**WHAT THE EXERCISE ASKS:**
Each entry that follows is to be copied exactly, minus any pictures.

Data items
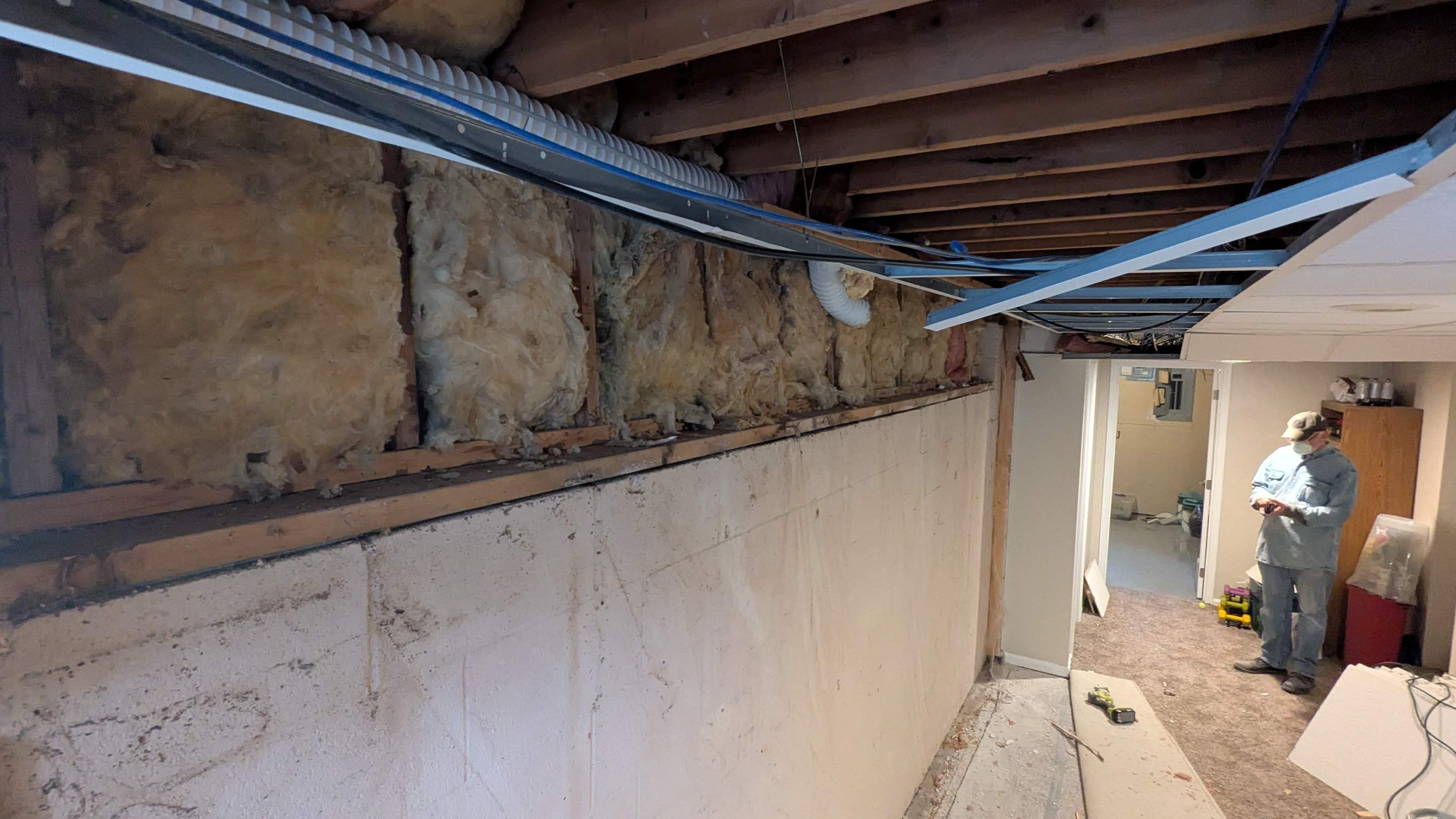 Embedded Fiber Reinforcement by Toledo Basement Repair 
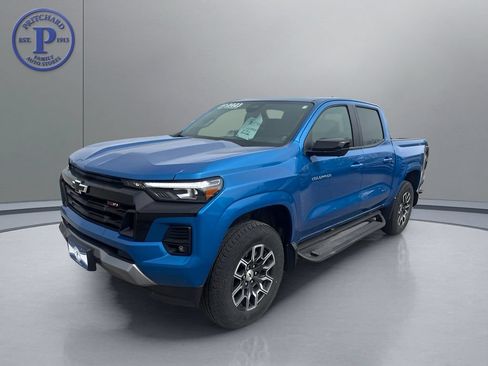 Used 2023 Chevrolet Colorado Z71 w/ Z71 Convenience Package 2 AWD/4WD image 3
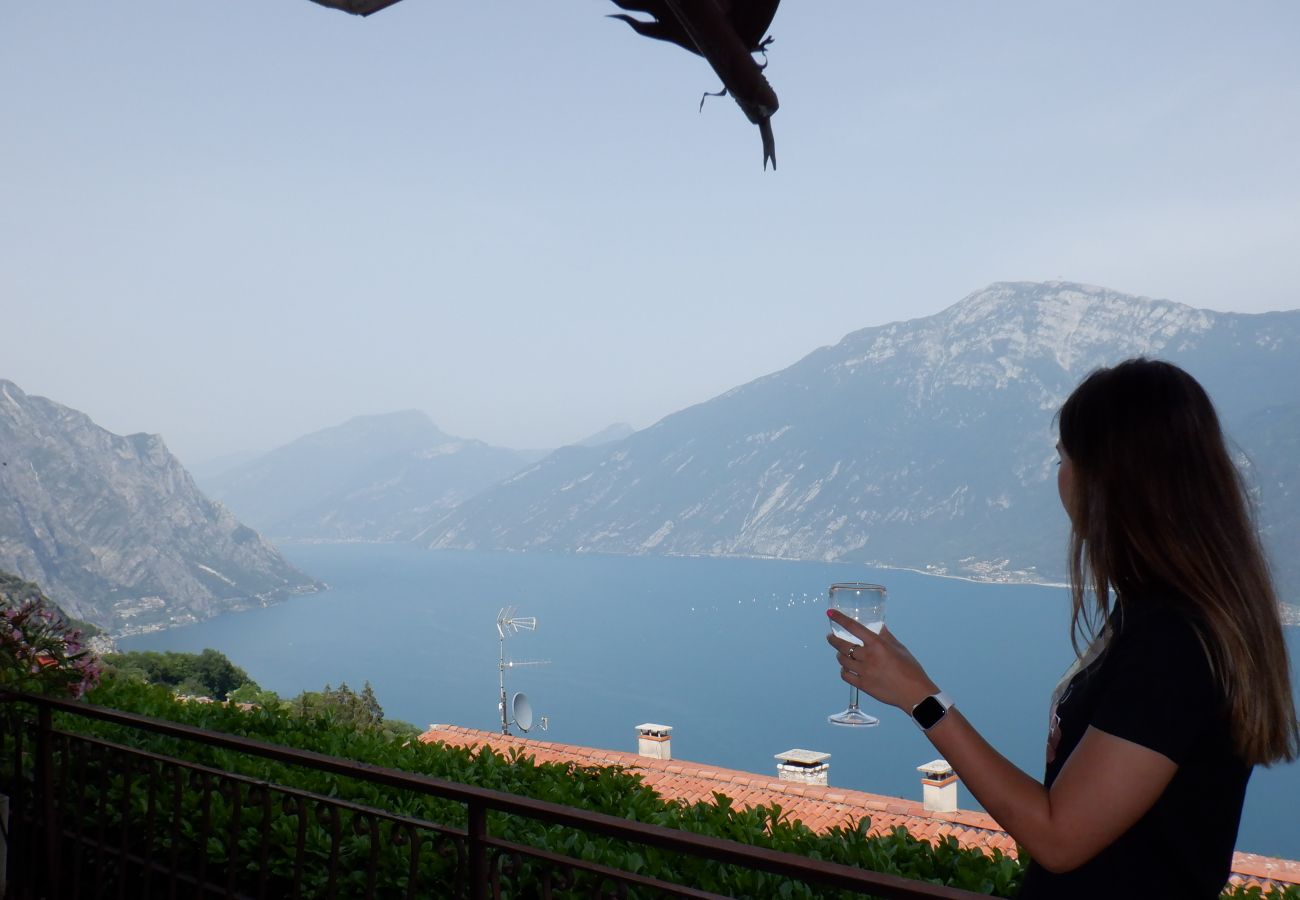 Appartamento a Tremosine - Casa Eulberg Marcania Balcone vista lago Appartamento a Tremosine - Casa Eulberg Marcania Balcone vista lago
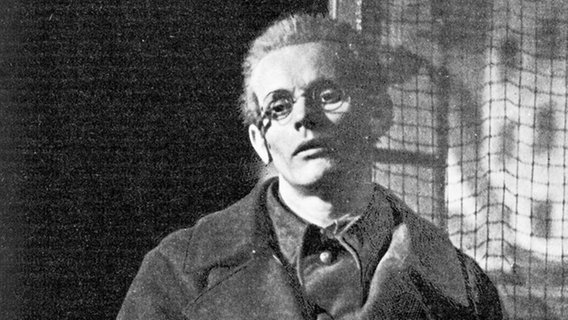 Wolfgang Borchert: "Draußen vor der Tür", Szenenbild der Uraufführung in den Hamburger Kammerspielen vom 21.11.1947, Hans Quest als Beckmann Wolfgang Borchert: "Draußen vor der Tür", Szenenbild der Uraufführung in den Hamburger Kammerspielen vom 21.11.1947, Hans Quest als Beckmann © picture-alliance / akg-images Foto: akg-images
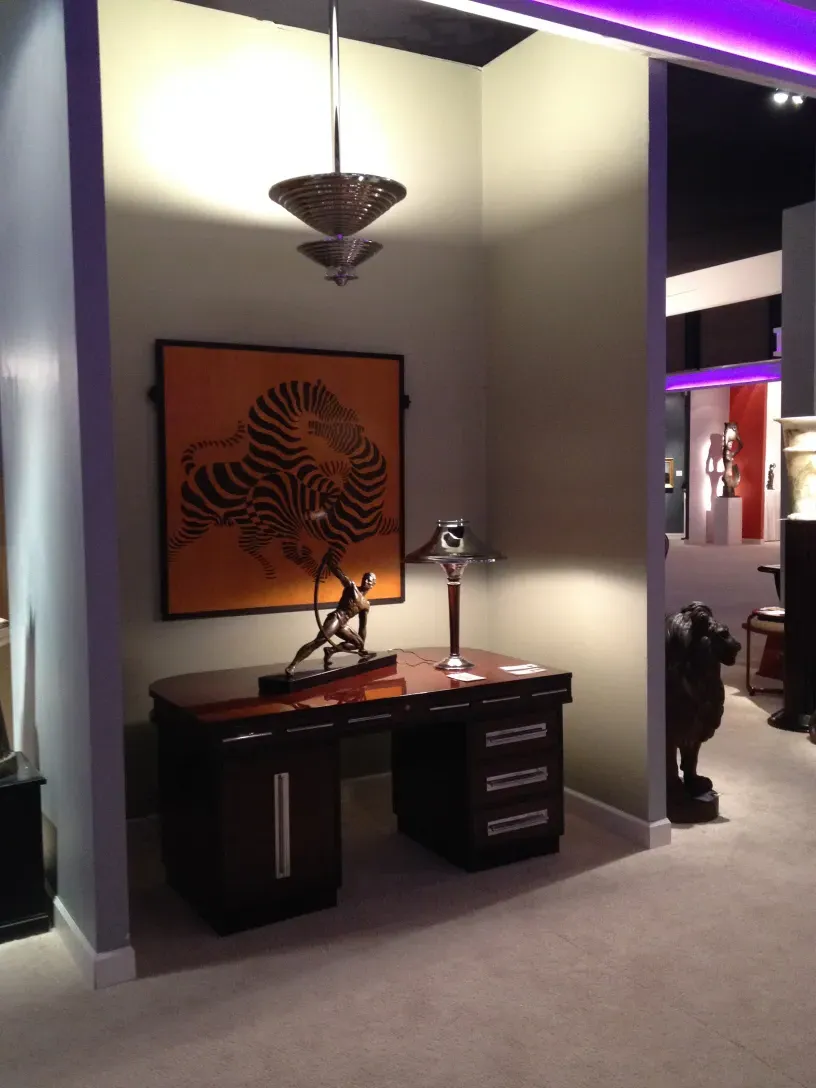 lâmpada de teto antiga art deco iluminando um ambiente moderno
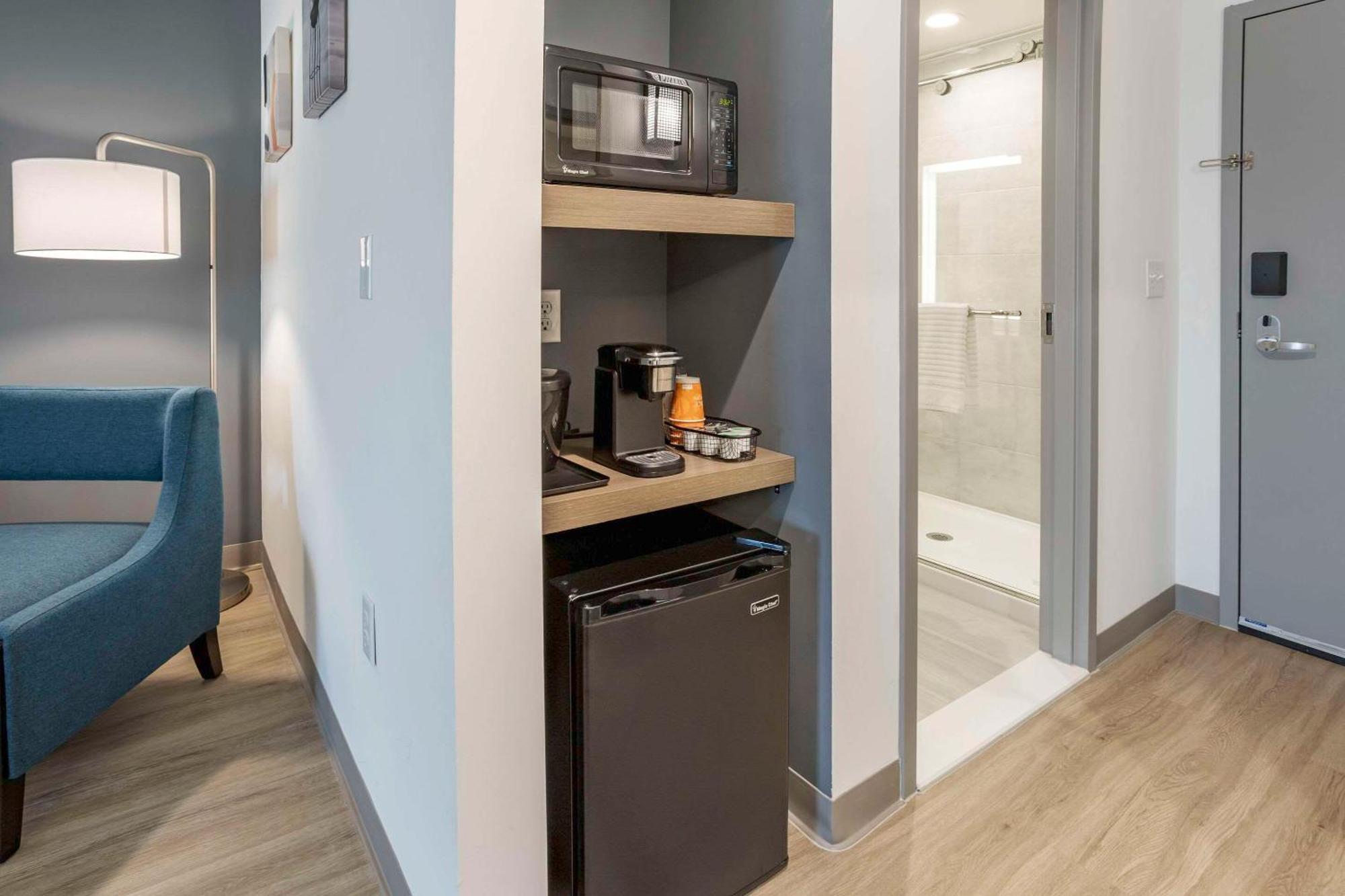 Comfort Inn & Suites Newark Liberty International Airport Εξωτερικό φωτογραφία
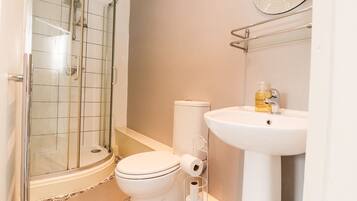 Cottage | Phòng tắm | Buồng tắm vòi sen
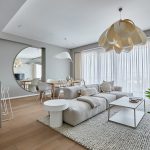 Moderná dizajnová obývačka s jedálňou v béžových odtieňoch
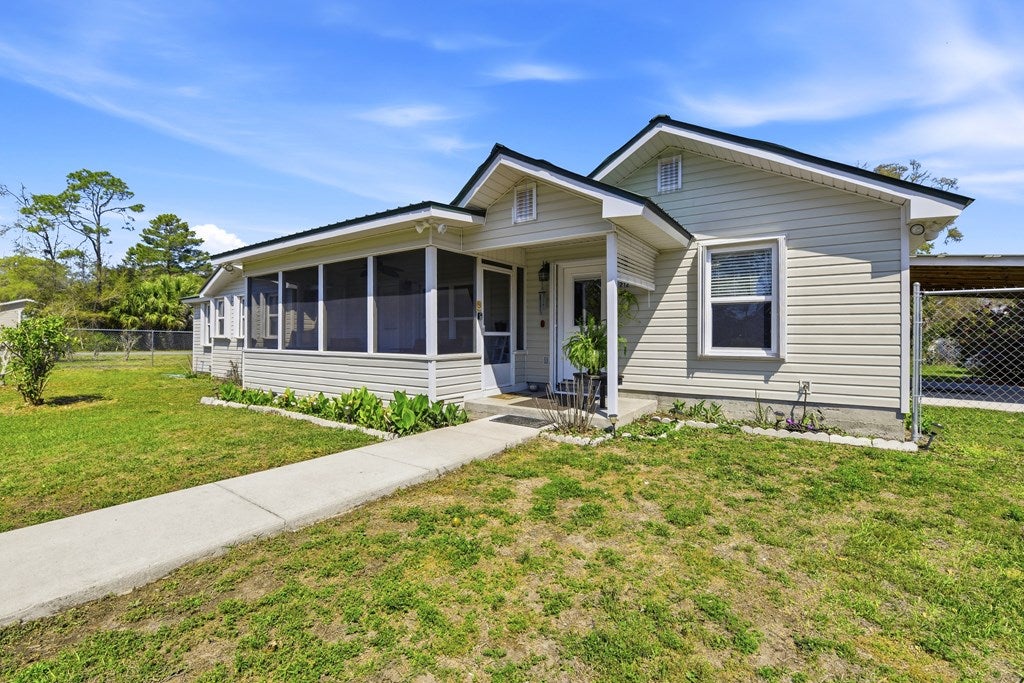 212 NW Avenue C, Carrabelle, FL 32322 photo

**SOLUTION TO THE EXERCISE:**
 Embedded Fiber Reinforcement by Toledo Basement Repair 
 Used 2023 Chevrolet Colorado Z71 w/ Z71 Convenience Package 2 AWD/4WD image 3
 Appartamento a Tremosine - Casa Eulberg Marcania Balcone vista lago Appartamento a Tremosine - Casa Eulberg Marcania Balcone vista lago
 Wolfgang Borchert: "Draußen vor der Tür", Szenenbild der Uraufführung in den Hamburger Kammerspielen vom 21.11.1947, Hans Quest als Beckmann Wolfgang Borchert: "Draußen vor der Tür", Szenenbild der Uraufführung in den Hamburger Kammerspielen vom 21.11.1947, Hans Quest als Beckmann © picture-alliance / akg-images Foto: akg-images
 lâmpada de teto antiga art deco iluminando um ambiente moderno
 Comfort Inn & Suites Newark Liberty International Airport Εξωτερικό φωτογραφία
 Cottage | Phòng tắm | Buồng tắm vòi sen
 Moderná dizajnová obývačka s jedálňou v béžových odtieňoch
 212 NW Avenue C, Carrabelle, FL 32322 photo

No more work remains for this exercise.